Modo de protesto de um espírita contra os ataques de certos jornais.

(Sumário)


1. — Um de nossos correspondentes nos escreve o seguinte:

“Eis o que escrevi, há dois anos, ao Sr. Nefftzer,  †  diretor do jornal le Temps:

“Eu era assinante de vosso jornal, cujas tendências e opiniões me eram simpáticas. É, pois, com pesar que não prossigo a assinatura. Permiti vos dê os motivos. Em vosso número de 3 de junho, vos esforçáveis em lançar o ridículo sobre o Espiritismo e os espíritas, narrando uma história mais ou menos autêntica, sem citar nomes, datas e lugares, o que é cômodo. Procuráveis estabelecer, tema hoje obrigatório dos materialistas, incomodados imensamente pelo Espiritismo, que essa crença leva à loucura. Sem dúvida, espíritos fracos, já tendo tendências para uma perturbação das faculdades cerebrais, puderam perder a cabeça inteiramente, ao se ocuparem do Espiritismo, como lhes teria acontecido sem isto, e como acontece aos que se ocupam de Química, de Física ou de Astronomia,.e mesmo a escritores que não acreditam nos Espíritos. Também não nego que não haja charlatães que exploram o Espiritismo, porque qual a ciência que possa escapar ao charlatanismo? Não temos charlatães literários, industriais, agrícolas, militares, políticos, sobretudo destes últimos? Mas concluir daí contra o Espiritismo em geral é pouco lógico e pouco sensato. Antes de lançar uma acusação dessa natureza, seria preciso, ao menos, conhecer a coisa de que se fala; no mais das vezes, porém, é a menor preocupação de quem escreve. Cortam e decidem a torto e a direito, o que é mais fácil do que aprofundar e aprender.
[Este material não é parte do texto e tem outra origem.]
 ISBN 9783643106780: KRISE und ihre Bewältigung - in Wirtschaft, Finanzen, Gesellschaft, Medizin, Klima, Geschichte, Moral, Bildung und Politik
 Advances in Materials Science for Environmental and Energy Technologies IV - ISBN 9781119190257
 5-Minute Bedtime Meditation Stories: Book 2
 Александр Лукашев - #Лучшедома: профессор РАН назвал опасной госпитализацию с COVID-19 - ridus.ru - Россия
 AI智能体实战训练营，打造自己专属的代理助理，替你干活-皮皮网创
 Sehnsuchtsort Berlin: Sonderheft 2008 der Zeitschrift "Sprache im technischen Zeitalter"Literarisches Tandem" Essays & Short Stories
“Se alguma vez experimentardes grandes desgraças, vivas dores, crede-me, senhor, estudai o Espiritismo; somente nele encontrareis a consolação e as verdades que vos farão suportar vossos desgostos, vossos desenganos ou vossos desesperos, o que será preferível ao suicídio. Que nos queríeis dar mais que esta bela e consoladora filosofia cristã? O culto dos interesses materiais, do bezerro de ouro? É talvez o que convém ao temperamento da generalidade dos felizardos de hoje, mas é preciso outra coisa para os que não mais querem o fanatismo, a superstição, as práticas ridículas e grosseiras da Idade Média, nem o ateísmo, o panteísmo e a incredulidade sistemática dos séculos dezoito e dezenove.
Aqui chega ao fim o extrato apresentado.